The only things you must be careful about are the signs (+,-) of your quantities. Do we count a concave lens as negative or positive? Look that up in your notes (and read about the lens equation).

 

[suf7]

[tex]
\frac{1}{f} = \frac{1}{u} + \frac{1}{v}
[\tex]

where f is the focal lenth of the lense,v is the object distace and u the image distance.

[note: allways good to say what you have allready tried!]

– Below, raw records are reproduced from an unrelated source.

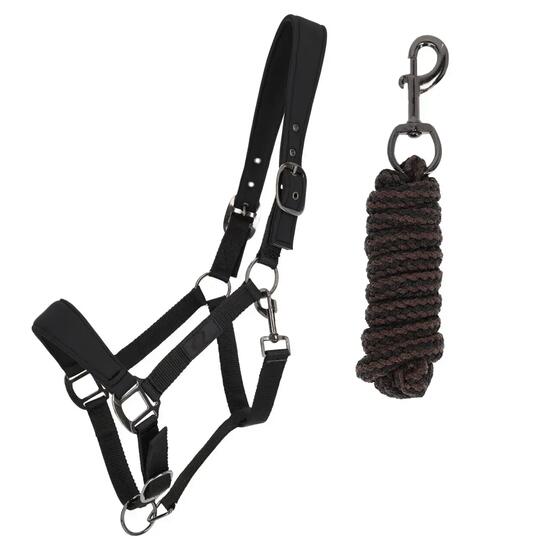 Ensemble licol et longe pour cheval QHP Avenna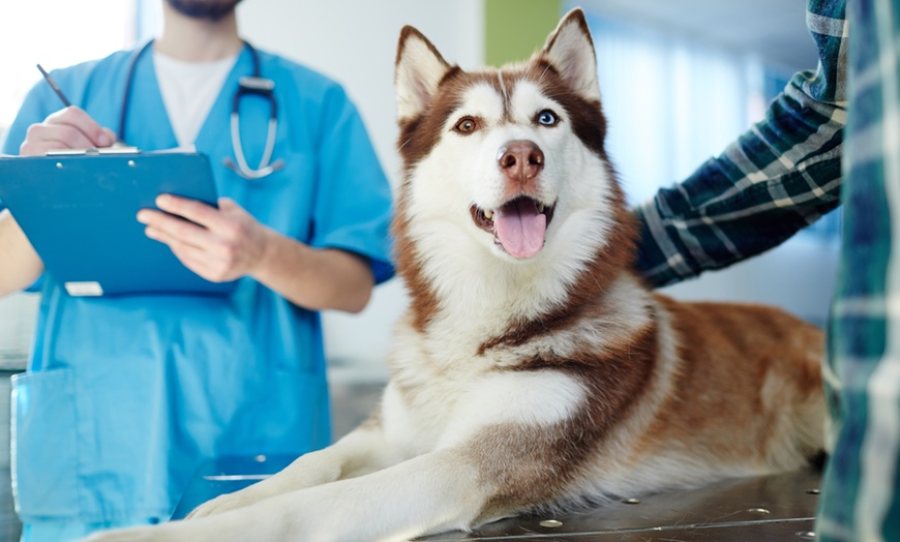 canadian vet clinic service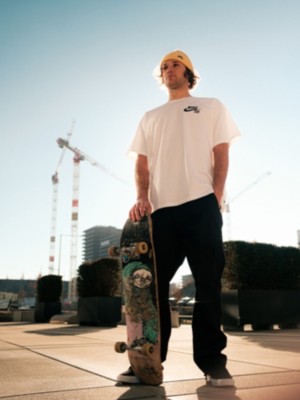 SB Shane Chaussures de Skate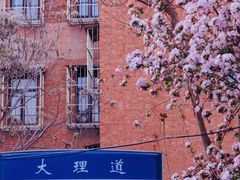 -天津五大道文化旅游区
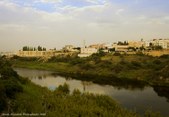 Enlarge photo 165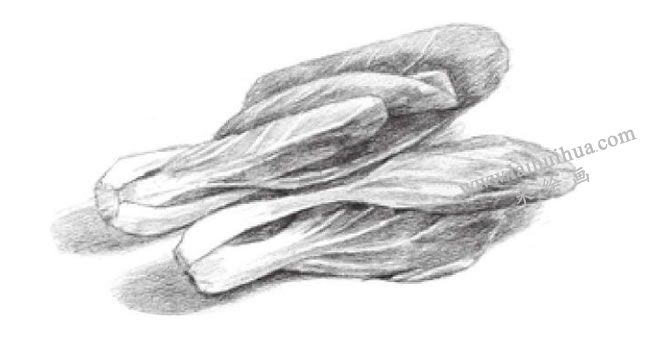青菜素描畫法步驟04
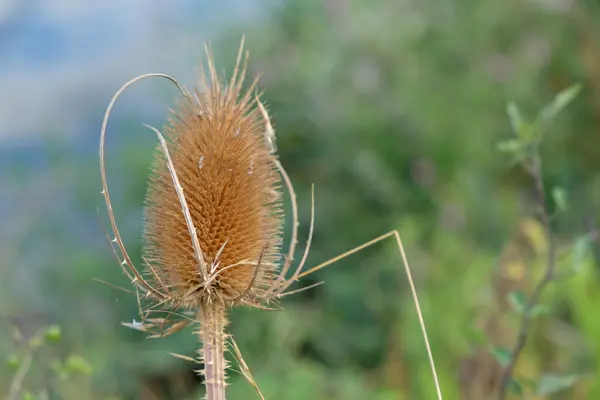 Sonbahar teasel çiçek tüm kurudu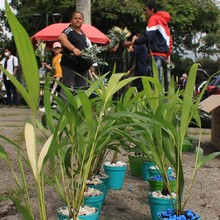 El Dagma realiza controles para proteger la Palma de Cera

that didn`t look quite right did it ... (latex is harder that i 1st thought!)

1/f = 1/u + 1/v

oh right,thanks,that was really helpfull...so would the equation turn out like this:

1/f = 1/u +1/V
1/18 = 1/u + 1/24
u = 1/72

so is this the image distance?? or should the lengths have been in Metres?? and also how do i work out the magnification??

 

[suf7]

This is an exercise that belongs in some homework section of the forums. From a mental ray diagram, I think the image is upright, shrunken and is a virtual image on the same side of the lens as the object.

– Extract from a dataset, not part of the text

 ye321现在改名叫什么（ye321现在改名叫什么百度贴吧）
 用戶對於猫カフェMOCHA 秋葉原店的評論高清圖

It is really quite simple. Use the lens equation:

[tex] \frac{1}{s_0} + \frac{1}{s_i} = \frac{1}{f} [/tex]

The only things you must be careful about are the signs (+,-) of your quantities. Do we count a concave lens as negative or positive? Look that up in your notes (and read about the lens equation).

thanks for your help,the equation you have given is the same as this one:
1/f = 1/u + 1/v

is that correct?? i don't know if the concave lens is positive or negative,it doesn't say in the question??

 

[zanazzi78]

so is this the image distance?? or should the lengths have been in Metres?? and also how do i work out the magnification??

Your question stated the distance in cm so the asnwer you worked out is also in cm!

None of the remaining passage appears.